I’m trying to develop a set of guidelines, a starting point for debate if you like, regarding how to develop emotionally adaptive computer games for my PhD. The concept behind such games is very simple; keep the player more entertained, for longer. Should she get bored whilst playing, introduce some new and fun elements to the game to heighten her interest. If she is getting too stressed to enjoy playing the game, make the game calm down a little, allowing her to relax and enjoy the experience. As part of my PhD project I have already developed such a game. It uses physiology in conjunction with gaming context to determine the player’s changing emotional state, and adapts accordingly. The game I’ve developed is called TEDDI (Transient Emotion Detecting Designed Interface), and is a Minesweeper style game with some role playing game elements introduced.
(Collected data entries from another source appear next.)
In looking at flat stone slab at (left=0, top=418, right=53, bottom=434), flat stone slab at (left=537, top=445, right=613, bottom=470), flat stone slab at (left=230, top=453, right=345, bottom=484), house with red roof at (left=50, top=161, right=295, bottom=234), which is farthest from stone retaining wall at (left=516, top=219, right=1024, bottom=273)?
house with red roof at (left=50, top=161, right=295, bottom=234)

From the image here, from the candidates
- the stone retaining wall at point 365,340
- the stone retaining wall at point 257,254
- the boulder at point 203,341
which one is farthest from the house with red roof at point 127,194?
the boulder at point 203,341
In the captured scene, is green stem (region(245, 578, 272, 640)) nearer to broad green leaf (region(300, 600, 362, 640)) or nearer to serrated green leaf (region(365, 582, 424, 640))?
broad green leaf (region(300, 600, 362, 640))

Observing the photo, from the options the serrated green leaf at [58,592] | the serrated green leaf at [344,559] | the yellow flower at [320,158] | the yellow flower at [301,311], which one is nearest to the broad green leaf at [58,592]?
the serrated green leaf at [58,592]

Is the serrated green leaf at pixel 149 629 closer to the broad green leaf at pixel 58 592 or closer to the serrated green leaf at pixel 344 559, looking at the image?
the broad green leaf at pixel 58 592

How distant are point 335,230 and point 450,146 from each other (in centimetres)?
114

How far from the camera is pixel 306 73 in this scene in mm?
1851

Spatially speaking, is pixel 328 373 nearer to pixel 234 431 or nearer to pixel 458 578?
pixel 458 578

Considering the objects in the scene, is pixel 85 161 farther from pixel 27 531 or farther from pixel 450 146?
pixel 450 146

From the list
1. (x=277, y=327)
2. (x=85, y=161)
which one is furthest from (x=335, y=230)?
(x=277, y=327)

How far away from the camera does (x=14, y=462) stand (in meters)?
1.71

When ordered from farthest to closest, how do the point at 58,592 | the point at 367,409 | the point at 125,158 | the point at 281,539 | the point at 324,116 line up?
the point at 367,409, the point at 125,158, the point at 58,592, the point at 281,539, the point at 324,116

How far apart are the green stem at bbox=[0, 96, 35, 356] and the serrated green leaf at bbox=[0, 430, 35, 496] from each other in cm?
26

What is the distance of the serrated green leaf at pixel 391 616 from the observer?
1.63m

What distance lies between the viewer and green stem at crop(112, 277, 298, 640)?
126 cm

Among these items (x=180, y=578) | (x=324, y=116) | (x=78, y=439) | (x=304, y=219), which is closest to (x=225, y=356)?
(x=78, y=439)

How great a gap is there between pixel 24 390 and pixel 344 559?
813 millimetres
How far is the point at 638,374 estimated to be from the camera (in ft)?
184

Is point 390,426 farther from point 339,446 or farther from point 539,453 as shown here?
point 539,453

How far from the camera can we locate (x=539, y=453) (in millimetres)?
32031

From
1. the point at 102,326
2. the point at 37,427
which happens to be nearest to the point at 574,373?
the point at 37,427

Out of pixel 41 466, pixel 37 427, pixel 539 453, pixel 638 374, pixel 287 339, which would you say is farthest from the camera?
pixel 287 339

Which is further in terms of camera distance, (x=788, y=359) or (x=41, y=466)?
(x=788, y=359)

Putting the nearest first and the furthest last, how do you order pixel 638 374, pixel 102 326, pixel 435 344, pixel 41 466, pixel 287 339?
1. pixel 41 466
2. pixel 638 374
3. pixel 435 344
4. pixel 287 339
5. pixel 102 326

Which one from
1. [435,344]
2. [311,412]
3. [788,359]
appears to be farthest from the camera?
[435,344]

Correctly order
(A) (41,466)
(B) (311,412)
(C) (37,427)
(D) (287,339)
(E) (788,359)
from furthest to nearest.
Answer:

Think PuzzleQuest, but with Minesweeper, and two boards rather than just the one.

The reason I’m starting this blog is so that all you gamers out there can help me develop my set of guidelines. I’m really looking for your input, any thoughts you may have regarding the big picture of this, or more specifically on the topics of a particular post. Any thoughts/ideas that end up in my thesis will be referenced appropriately, I’m not out to steal your ideas! However, getting expert gamers thoughts will increase the credibility of my work, so I really need you guys!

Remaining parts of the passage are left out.